The full listing needs to be output exactly.
START DATA IN THIS EXERCISE
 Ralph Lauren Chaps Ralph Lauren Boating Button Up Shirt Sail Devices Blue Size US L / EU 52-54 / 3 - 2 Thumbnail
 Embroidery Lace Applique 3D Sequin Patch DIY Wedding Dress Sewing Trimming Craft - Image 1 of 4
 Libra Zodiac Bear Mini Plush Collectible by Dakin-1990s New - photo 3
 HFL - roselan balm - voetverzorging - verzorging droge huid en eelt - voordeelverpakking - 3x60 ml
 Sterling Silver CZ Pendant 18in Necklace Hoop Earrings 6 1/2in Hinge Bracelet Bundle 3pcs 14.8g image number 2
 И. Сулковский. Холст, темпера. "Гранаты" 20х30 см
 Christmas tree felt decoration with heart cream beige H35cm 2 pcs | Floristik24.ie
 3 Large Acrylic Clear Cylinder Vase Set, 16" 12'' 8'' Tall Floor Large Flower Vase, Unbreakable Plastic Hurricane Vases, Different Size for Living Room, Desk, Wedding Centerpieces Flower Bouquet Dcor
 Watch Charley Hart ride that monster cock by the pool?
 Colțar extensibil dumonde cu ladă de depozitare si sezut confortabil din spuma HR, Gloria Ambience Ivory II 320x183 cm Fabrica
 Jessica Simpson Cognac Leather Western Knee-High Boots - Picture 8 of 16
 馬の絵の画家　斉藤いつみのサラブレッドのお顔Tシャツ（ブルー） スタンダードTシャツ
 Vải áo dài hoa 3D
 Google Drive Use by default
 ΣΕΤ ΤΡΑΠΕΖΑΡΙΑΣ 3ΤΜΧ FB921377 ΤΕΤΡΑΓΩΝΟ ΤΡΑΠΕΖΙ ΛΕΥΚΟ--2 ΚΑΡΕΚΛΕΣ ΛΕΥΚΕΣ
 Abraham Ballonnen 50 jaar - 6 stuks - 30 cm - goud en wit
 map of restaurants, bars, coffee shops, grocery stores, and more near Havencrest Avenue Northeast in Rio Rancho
END DATA IN THIS EXERCISE
> [SOLUTION FOR THIS TASK]
 Ralph Lauren Chaps Ralph Lauren Boating Button Up Shirt Sail Devices Blue Size US L / EU 52-54 / 3 - 2 Thumbnail
 Embroidery Lace Applique 3D Sequin Patch DIY Wedding Dress Sewing Trimming Craft - Image 1 of 4
 Libra Zodiac Bear Mini Plush Collectible by Dakin-1990s New - photo 3
 HFL - roselan balm - voetverzorging - verzorging droge huid en eelt - voordeelverpakking - 3x60 ml
 Sterling Silver CZ Pendant 18in Necklace Hoop Earrings 6 1/2in Hinge Bracelet Bundle 3pcs 14.8g image number 2
 И. Сулковский. Холст, темпера. "Гранаты" 20х30 см
 Christmas tree felt decoration with heart cream beige H35cm 2 pcs | Floristik24.ie
 3 Large Acrylic Clear Cylinder Vase Set, 16" 12'' 8'' Tall Floor Large Flower Vase, Unbreakable Plastic Hurricane Vases, Different Size for Living Room, Desk, Wedding Centerpieces Flower Bouquet Dcor
 Watch Charley Hart ride that monster cock by the pool?
 Colțar extensibil dumonde cu ladă de depozitare si sezut confortabil din spuma HR, Gloria Ambience Ivory II 320x183 cm Fabrica
 Jessica Simpson Cognac Leather Western Knee-High Boots - Picture 8 of 16
 馬の絵の画家　斉藤いつみのサラブレッドのお顔Tシャツ（ブルー） スタンダードTシャツ
 Vải áo dài hoa 3D
 Google Drive Use by default
 ΣΕΤ ΤΡΑΠΕΖΑΡΙΑΣ 3ΤΜΧ FB921377 ΤΕΤΡΑΓΩΝΟ ΤΡΑΠΕΖΙ ΛΕΥΚΟ--2 ΚΑΡΕΚΛΕΣ ΛΕΥΚΕΣ
 Abraham Ballonnen 50 jaar - 6 stuks - 30 cm - goud en wit
 map of restaurants, bars, coffee shops, grocery stores, and more near Havencrest Avenue Northeast in Rio Rancho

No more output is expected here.